And also this thing...


----------



## LiAnn (May 10, 2009)

Colored pens - gel rollers, markers, sharpies, roller ball pens, you name it, if it comes in colors, I'm all over it. I also own three boxes of crayons: two 96, one 120. I don't go into office supply stores without a) a very specific list; and b) someone to haul me out and make sure I *only* get what's on the list.

For a while I had a minor nail-polish addiction getting started; but when I moved into my new house and saw how many bottles I had and realized that I hadn't used about 80% of them...I trimmed the collection WAY down. It wasn't too huge to begin with; but I gave away about 30 bottles and now only have ten. (And the other day I discovered Konad, and started thinking about getting some nail-art supplies. ...help...)

Caffeine - though I'm something of a caffeine snob. I only like certain types of coffee, believe that Sbux is a good dessert-y place but that things like their mochas and frappucinos are not "coffee drinks", and will not touch instant coffee on a bet. Not even Sbux's new "Via" stuff. I also like some loose-leaf teas, though they're a bit more costly than the coffees I buy. (I still mourn the passing of Celebes Kalossi coffee. It actually tasted as good as it smelled...which doesn't really happen with coffee.)

If organization is an addiction, then there's another one. I started my site partially to have a way to catalogue all the dupes and near-dupes in my e/s collection, but things went a little bit crazy.


----------



## OfficerJenny (May 10, 2009)

Frozen Yogurt - I go out for some at least 4 times a week.
Cupcakes - See above
Underwear - Who doesn't love a cute pair?
Myspace/Facebook - :333
Taking photos of myself
Videogames <3


----------



## Blush (May 10, 2009)

Diet Coke, Diet Pepsi, Coke Zero (is this sold in the US?)


----------



## kaliraksha (May 11, 2009)

Quote:

   Originally Posted by *Blush* 

 
_Diet Coke, Diet Pepsi, Coke Zero (is this sold in the US?)_

 

Yes, it is.

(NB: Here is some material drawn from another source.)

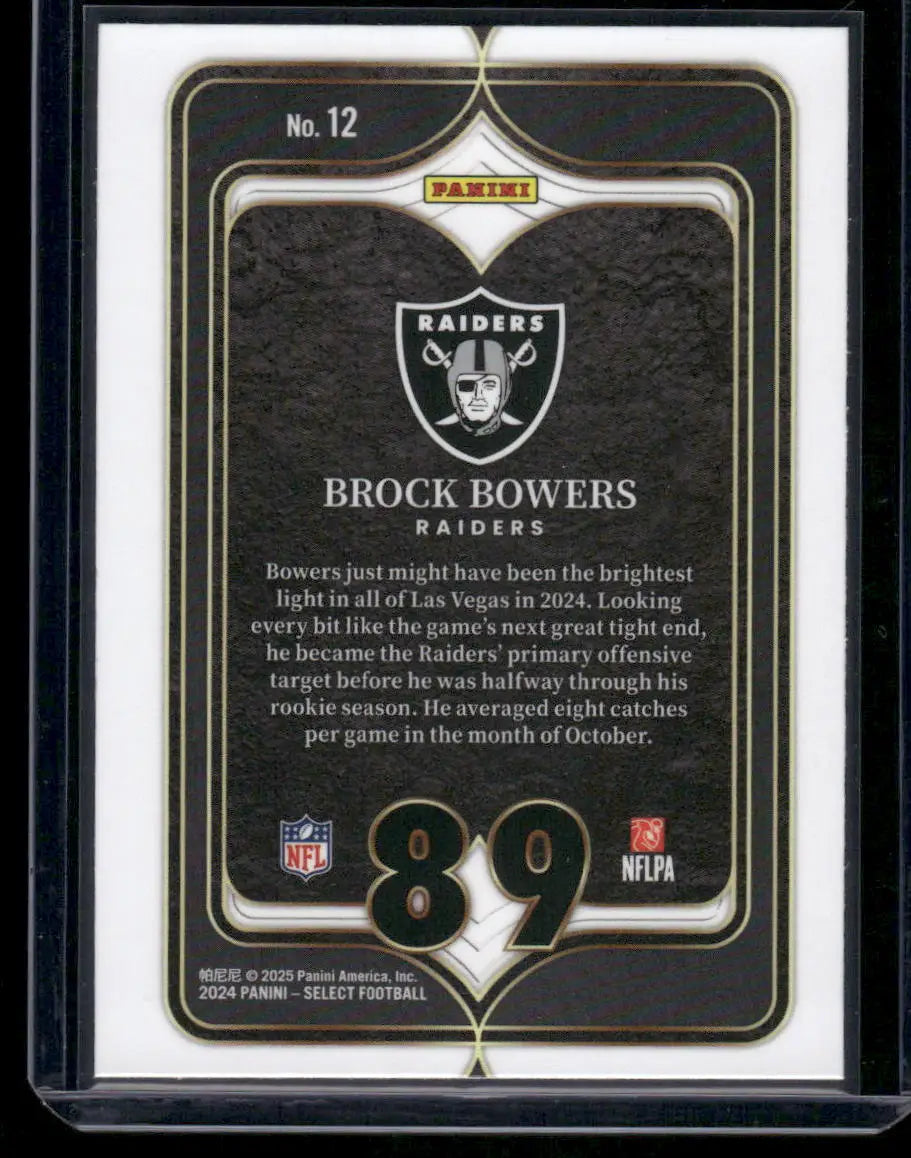 2025 Panini Select Football Brock Bowers #12 Numbers RC Football - Sports Trading Card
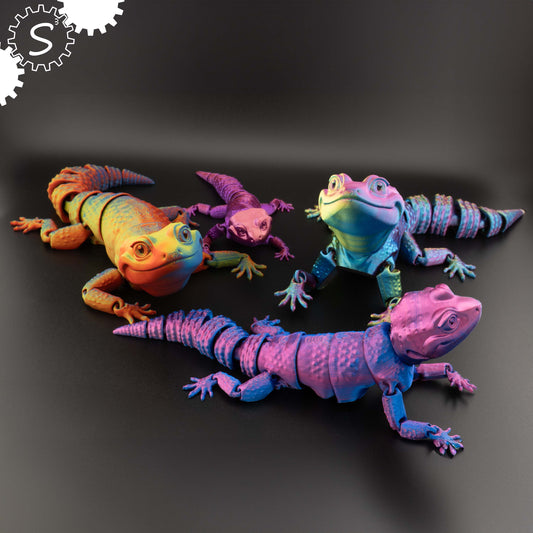 3D Printed Articulated Gecko Fidget Toy Gift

I have to lug 36 packs of it from Costco for my boyfriend... so I get to see the lovely package often =)


----------



## pumpkincat210 (May 11, 2009)

photography, photoshop, crafts, painting objects, iron on t shirt papers, STICKERS, scrapbook paper, collecting little bags, boxes, SOCKS


----------



## Vixxan (May 11, 2009)

My favorite addiction used to be cigarettes but I quit almost a year ago.  Actually it will be a year on my birthday June 7th.  I used say that I had no problem keeping a man because I have been making out the Marlboro man for 20 years.  I had to cut him lose.

Handbags,  My collection is crazy.  I don't know why I have to buy 50 black handbags but I do.  I have well over 100 handbags.

Shoes. The shoes collection is down right scary.  It's shameful.  I'm a shoe snob and that can be expensive.  I can't buy a reasonable priced pair of shoes (because i'm crazy) I have to have shoes that are just too much.  But I can't help it.  

World of Warcraft.  I have been playing on off for 3 years.  Actually my entire gaming habit are really bad.

Last but not least: Computer parts.  Besides being a gamer I like to build my own gamming rigs. Computer parts for gammers make Mac look really cheap.  

I just realized that I can't afford myself.


----------



## hawaii02 (May 11, 2009)

The color red, Nail polish, coffee, hibachi grills and PF Changs!


----------



## Arwai (May 13, 2009)

I have so many addictions. Shoes, clothes, accessories and handbags.  My laptop.  The internet. The list can go on and on.


----------



## Tahti (May 13, 2009)

Water. I drink so much of it it's actually probably harming me lol.. 8+ litres a day..?
Shoes! I have sooo many. And amazing tailored jackets. My wardrobe consists of mainly shoes and jackets..
Smoking. I can't help loving it xD
Showering, absolute minimum once a day.
10 cal jello pots - why are they soooo good!!
Spending LOADS of money, I actually get a total buzz off dropping loads of it.


----------



## DancingBrave (May 13, 2009)

Quote:

   Originally Posted by *hawaii02* 

 
_The color red, Nail polish, coffee, hibachi grills and PF Changs!_

 
OMG. Their mongolian beef. .. mmmmmmmmm. Chicken wraps....heaven!


----------



## spectrolite (May 14, 2009)

Silver earrings, rings, and necklaces. I also love and collect umbrellas.


----------



## sofie1507 (May 20, 2009)

i LURVEEEEEEEEEEEE designer handbags (droollllll)
and ice cream MMMMMMMMMMM ICE CREAMMMM


----------



## frocher (May 20, 2009)

,,,,,,,,


----------



## xxprettyinblkxx (May 20, 2009)

-Coffee! an every day staple in my life hehehe
-Water
-Music, i'm constantly listening to either my ipod or pandora
-Nachos, best meal ever!
-Twitter
-FMyLife.com
-TextsFromLastNight.com
-Tank tops, so awesome for layering and they work for any season 
-Shoes, I think *just about* every girl can agree on that one ;-)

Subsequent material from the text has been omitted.